Holborn estimates that another terror attack in a concentrated city could cost the U.S. property and casualty insurance industry tens of billions of dollars. An attack that used nuclear or biological weapons could cause hundreds of billions in damage and injuries.

This edition of Holborn Perspectives reviews the exposures, coverage issues and market options for reinsuring U.S. insurers’ terrorism exposures in 2008.

B. TRIA Coverage in 2007

TRIA was enacted on November 26, 2002 as a limited, temporary backstop for the U.S. commercial lines insurance industry’s exposure to loss from foreign terrorism. It established a definition of Certified Events for significant (over $100Mn in P&C industry loss), foreign-led attacks. Insurers must offer coverage for certified terrorism losses on the same basis as they cover other losses. While TRIA is in effect, certified losses are shared between individual insurers, the industry, the government, and businesses in four layers:

  1. Each insurer retains an aggregate amount of loss per year, based on a percentage (currently 20%) of direct written premiums for covered lines in the previous calendar year. (Retentions are calculated on a group basis.)


  2. Losses in excess of each individual insurer’s retention, up to an aggregate limit for the industry, are “shared” among all insurers, including those who had no loss. Under current Treasury regulations, this loss sharing is recouped from policyholders in the future.


  3. Losses in excess of the industry aggregate retention (currently $27.5Bn) are ceded to the Treasury, up to a cap of $100Bn in aggregate losses (from the ground, including insurer participations).


  4. Any losses in excess of $100Bn per year are retained by the original policyholders. If that cap is exceeded, TRIA is unclear about which policyholders will be asked to retain how much loss. Will the difference be allocated pro rata by amount? Last to pay, etc.? A review of congressional committee reports suggests that Congress would revisit this issue after a loss, and might expand the government relief to broaden recovery by policyholders, and to minimize disputes.

2007 TRIA Protection

Insurers’ recoveries under the second and third layers are subject to a 15% co-participation. TRIA currently covers commercial property and casualty lines except: auto, farmowners, surety, medical malpractice and D&O. A&H is excluded for both property and casualty and life companies. Loss adjustment expenses are not covered.
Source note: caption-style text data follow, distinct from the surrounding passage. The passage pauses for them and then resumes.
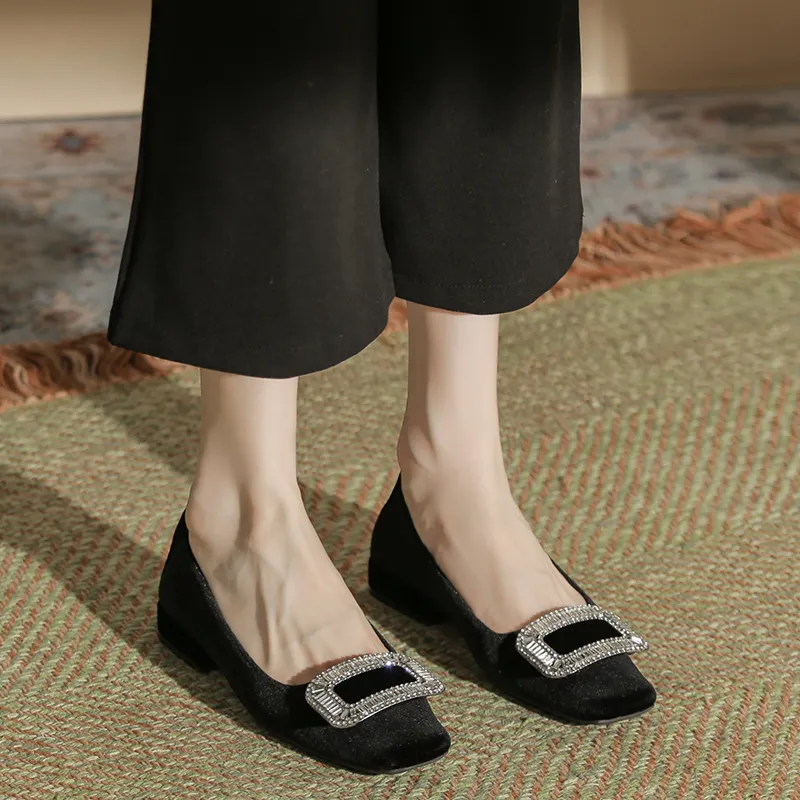 Bamiti Casual Single Shoes Women's-7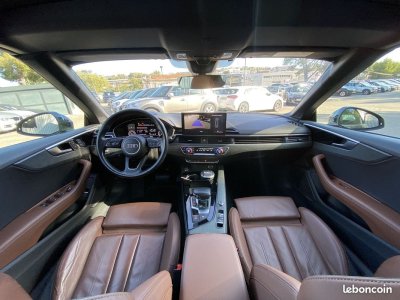 Audi A5 CABRIOLET 40 TDI 204CH AVUS S TRONIC 7   - 14
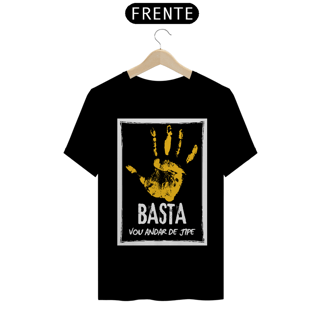 Nome do produto Camiseta Classic - Basta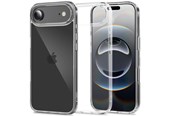 Telefon - Inne akcesoria - Tech-Protect  FlexAir Hybrid Case for iPhone 17 Air - Transparent - 5906302319428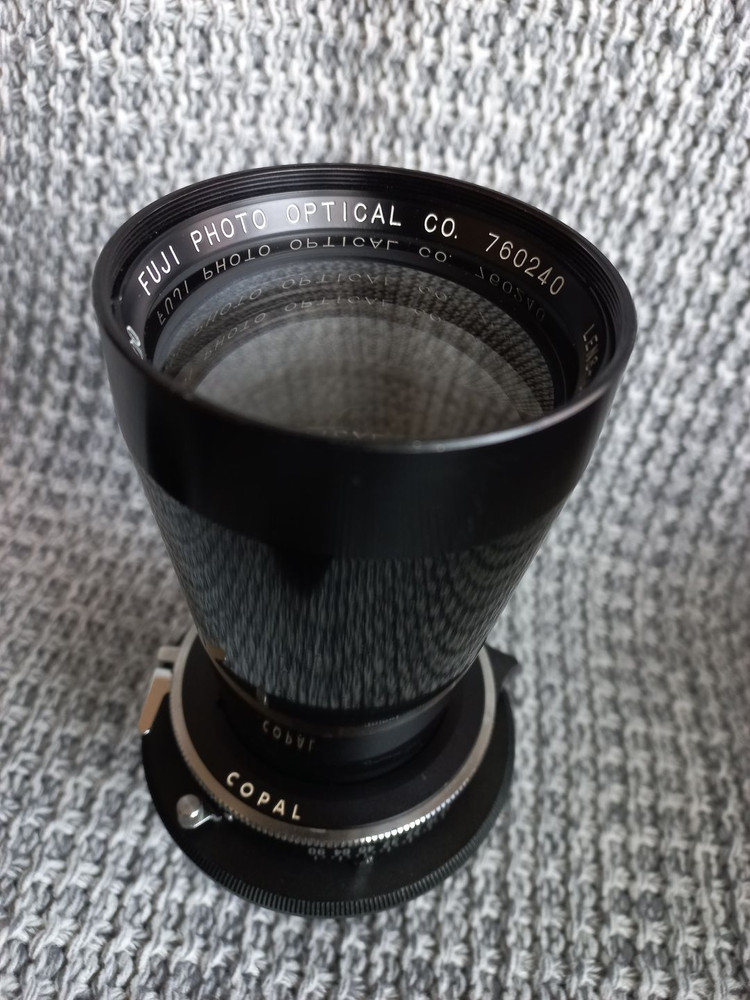 대형카메라 렌즈 후지논 fujinon T 600mm f12 초망원렌즈 이미지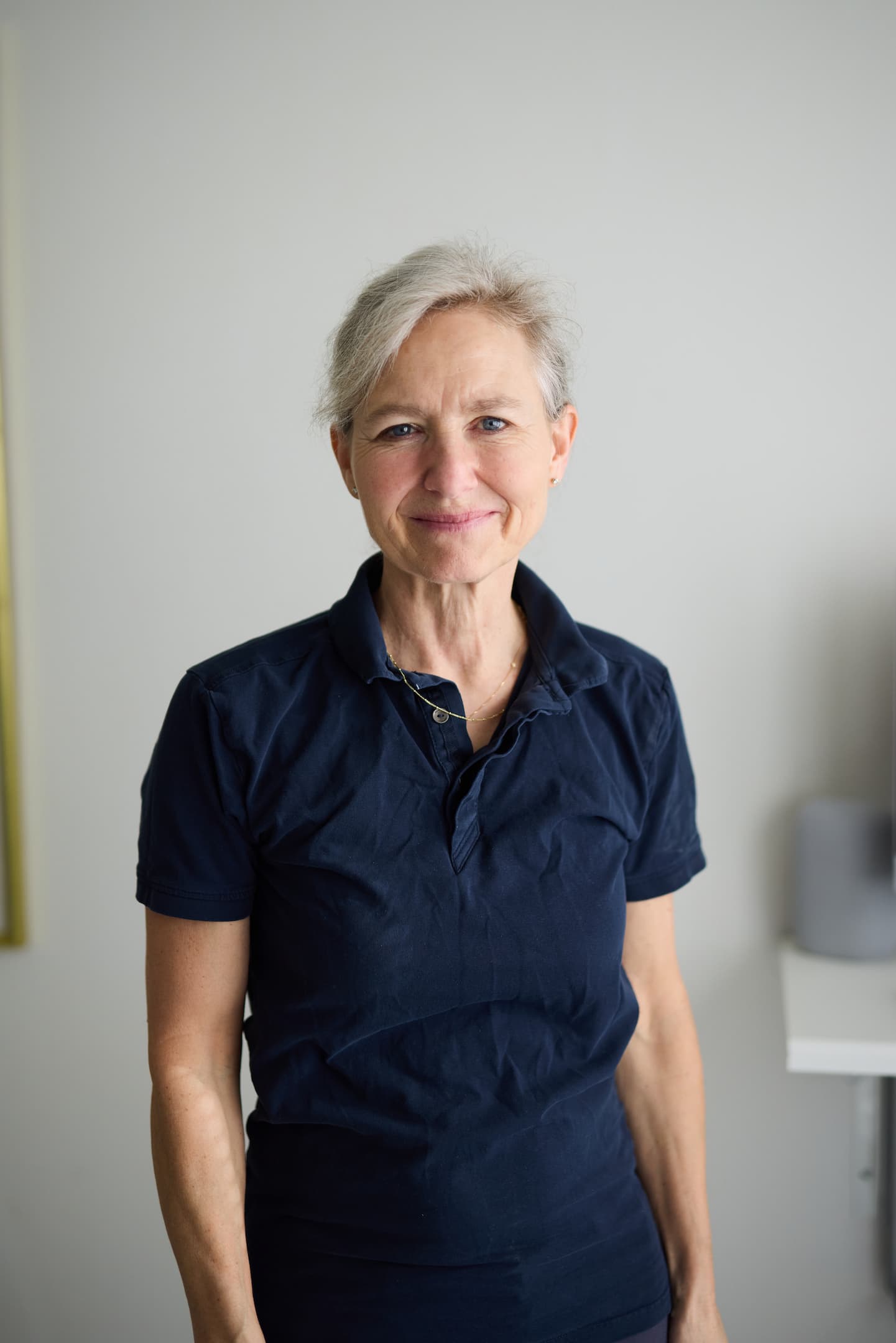 Portræt af Marie-Louise Struckmann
Terrorism insurance coverage has a separate premium, and insureds are free to accept or decline coverage. Many insureds do decline property coverage, especially in concentrated and other high hazard territories, where the price for coverage can be relatively high. Coverage for the largest or most exposed risks are often agreed on a surplus lines (non-admitted) basis with customized exclusions. In lower hazard territories, take-up rates can be well over 90% and coverage is usually sold on an admitted basis. All workers compensation policies are admitted and provide full terrorism coverage.

Prior to the adoption of TRIA, and again if it should expire, insurers were free under Federal law to exclude terrorism coverage. In late 2001, ISO filed terrorism exclusions and received approvals in most, states. Notably, both New York and California rejected the exclusions. Also, standard fire policies in many states may not have any exclusions endorsed.

TRIA was first enacted for a term that expired on December 31, 2005. It was extended, with adjustments, for a new term that expires this year end. Since most policies bound in 2007 will remain in force after the current expiration of TRIA, insurers often use a contingent exclusion that will apply if TRIA expires. This contingent exclusion is only used in states where the ISO exclusions were approved.